2) l'homme pouvait inventer dès le début et surtout des outils, ce qui en dit long sur ses capacités d'analyse de ses besoins liés à sa constitution physique inadaptée à son environnement.
S'il y parvient au début des 500 000 années, il aurait du poursuivre son cheminement créatif et nous ne devrions pas voir ces outils de pierre attendre 500 000 années pour être remplacés par des outils en silex. Le silex aurait du être atteint infiniment plus vite
2) prouver que les inventions ne dépendent que de l'activité cérébrale et pas d'autres facteurs.
C'est assez facile de répondre à cette question. Les inventions ne dépendent pas que de l'activité cérébrale. Cependant, s'il faut d'autres facteurs pour inventer, on ne le fera pas sans une activité cérébrale. Plusieurs éléments contribuent à l'inventivité : la curiosité, les sentiments, la nécessité, la dimension artistique, le danger, etc...
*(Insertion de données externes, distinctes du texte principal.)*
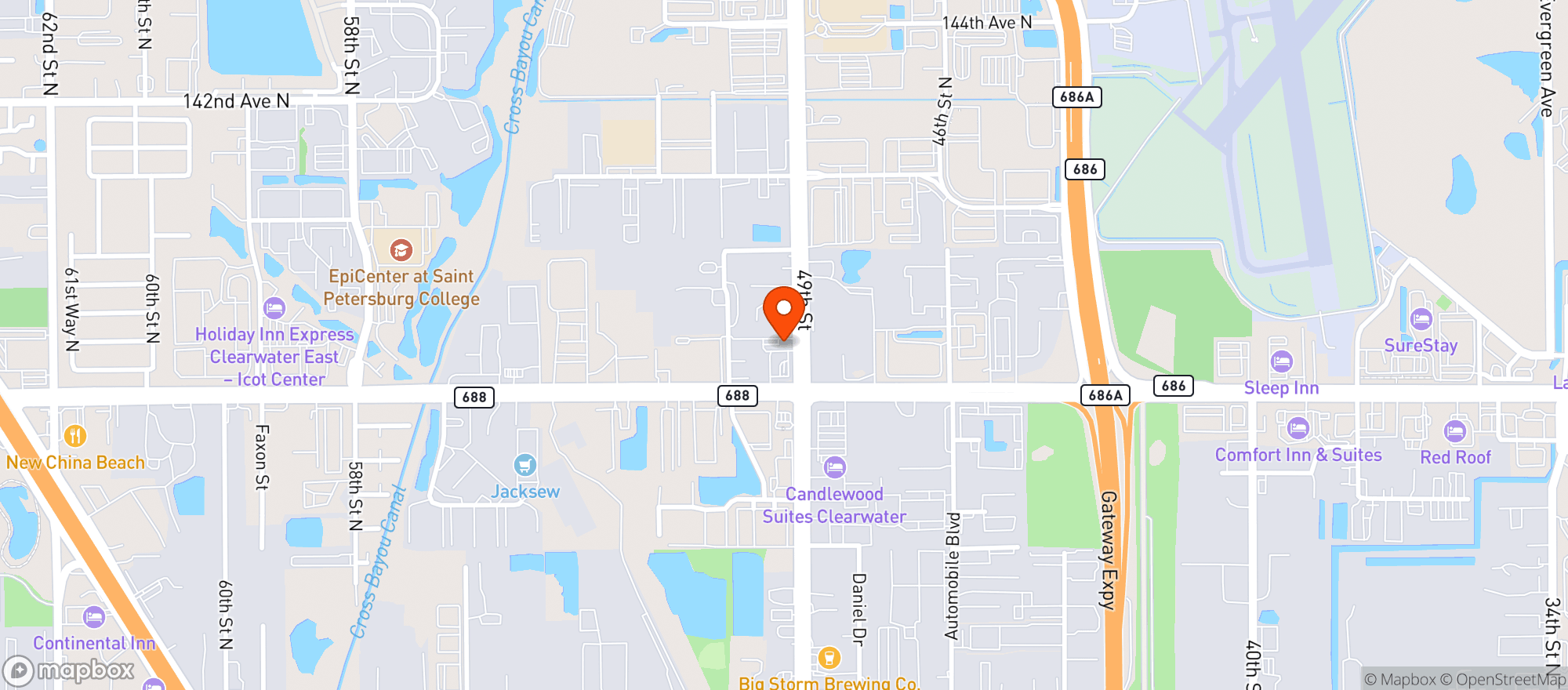 Map showing Mikes Pizza & Deli Station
Dans le monde qu'auraient connu ces humains pendant 500 000 années, beaucoup de facteurs poussaient à l'inventivité.
Les dangers liés à la compétition entre les humains, la guerre.
Les dangers liés aux prédateurs.
Les intempéries.
Les sentiments entre les humains.
La curiosité qui pousse à observer certains phénomènes et à les copier pour différentes applications.
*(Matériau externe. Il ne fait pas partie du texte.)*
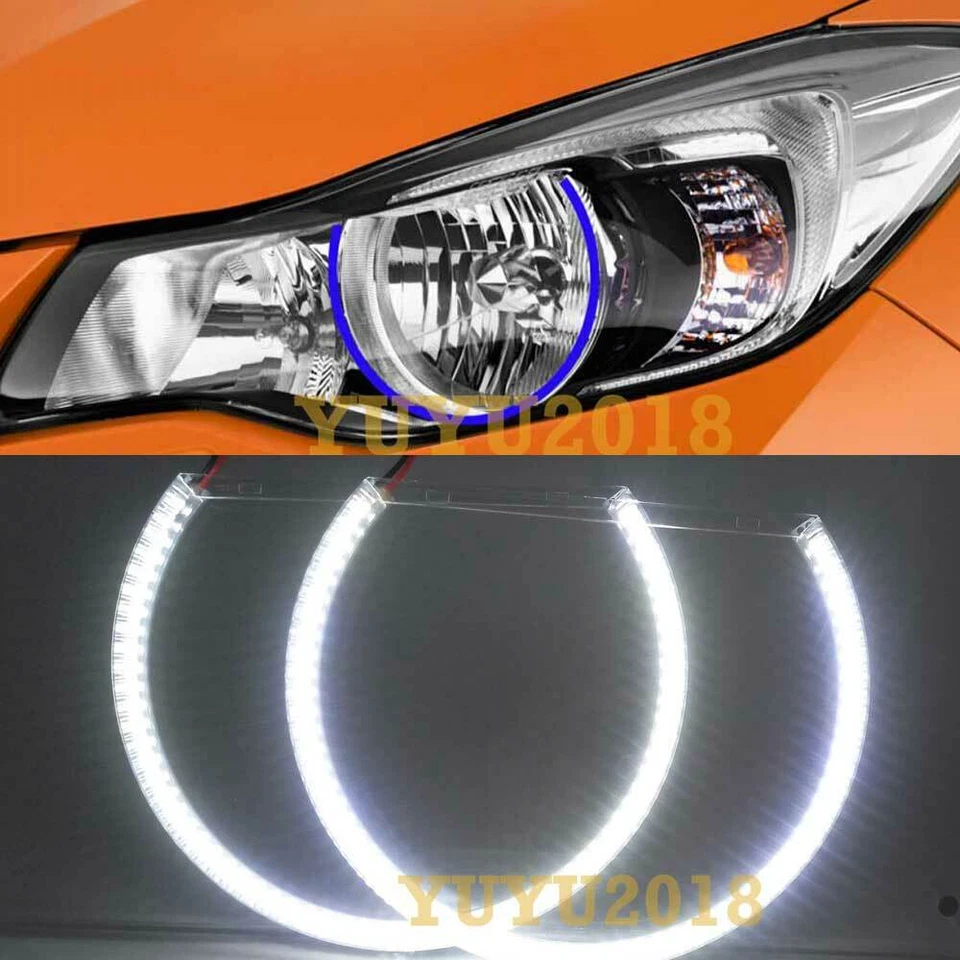 Anillo halo SMD para Subaru XV Crosstrek 13-15 faro demonio ángel ojos lámpara DRL Foto 1 de 4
La peur de certains événements.
La lutte pour la domination du clan.
Autant de motifs impérieux pour pousser à trouver des solutions. Or, rien de tout cela n'a produit les effets que les mêmes raisons qui feront bondir l'inventivité humaine durant les 6000 dernières années.
Quand il pleut et qu'il fait froid, n'importe quel humain actuel cherchera le moyen de se protéger du froid, l'observation d'une tortue, d'un escargot, des nids d'hirondelles, des maisons de castors, tout cela fait qu'un humain trouve très rapidement une solution qui va très rapidement le conduire vers l'habitat. On nous dit qu'ils utilisaient des grottes, mais qui pense sérieusement qu'il y avait des grottes pour tout le monde ?
Seulement, grotte ou pas grotte, le fait que certains s'y réfugiaient prouve qu'ils étaient capable de comprendre qu'une hutte serait bien. Or rien de ce coté là.
Le plus dure dans une invention n'est pas forcément sa réalisation, mais la découverte de l'idée. L''homme avait compris qu'une extension de ses mains, par des outils de pierre, lui serait bénéfique. Et bien voilà, l'idée était là, la découverte était née et ce n'était pas ces outils de pierre, mais l'idée que ces outils seraient utiles, que DES outils seraient utiles.
Or, ils n'ont pas exploité cette idée. C'est anormal, le plus dur était fait.
3) prouver que dans la même période le cerveau manifeste la même inventivité
Ce 3ème élément soulevé par Estra me semble peu convainquant. Il sous entendrait que le cerveau , durant ces 500 000 années aurait fluctué.
En fait cela signifierait qu'il aurait régressé.
Pourquoi ? Parce que l'homme invente, selon la théorie, dès le début des 500 000 années ce qui prouve que son cerveau en était capable.
Si l'homme n'invente plus ensuite, pendant 500 000 années, ce serait, selon Estra, une régression et non plus une évolution.
Je remarque pourtant un élément qui va à l'encontre de cette hypothèse: si l'homme invente seulement au début de cette longue période, il entretient cette invention en la transmettant aux nouvelles générations qui, pour les adopter, devaient produire un effort de réflexion pour en comprendre l'utilité puis le maniement.
Car, n'oubliez pas, si un homme invente un jour un procédé, chaque humain qui va adopter ce qui a été découvert, en le comprenant, produit la même réflexion que l'inventeur.
Et c'est presque toujours ce cheminement inventif qui fait qu'un individu qui découvre ou apprend une invention passée, va aller un peu plus loin que l'idée de l'inventeur pour améliorer le système. C'est ça, le progrès.
Or, avec ces humains vivant ces 500 000 années, une invention découverte au tout début va se transmettre de générations en générations, avec à chaque fois, pour ceux qui la découvriront, le phénomène de la découverte des bénéfices de cette invention, sans jamais qu'un seul d'entre eux, forcément des millions, ne propose une amélioration.
C'est impossible car nous parlons de milliards d'humains.
Je n'adhère donc pas à l'hypothèse de Estra, malgré son effort explicatif.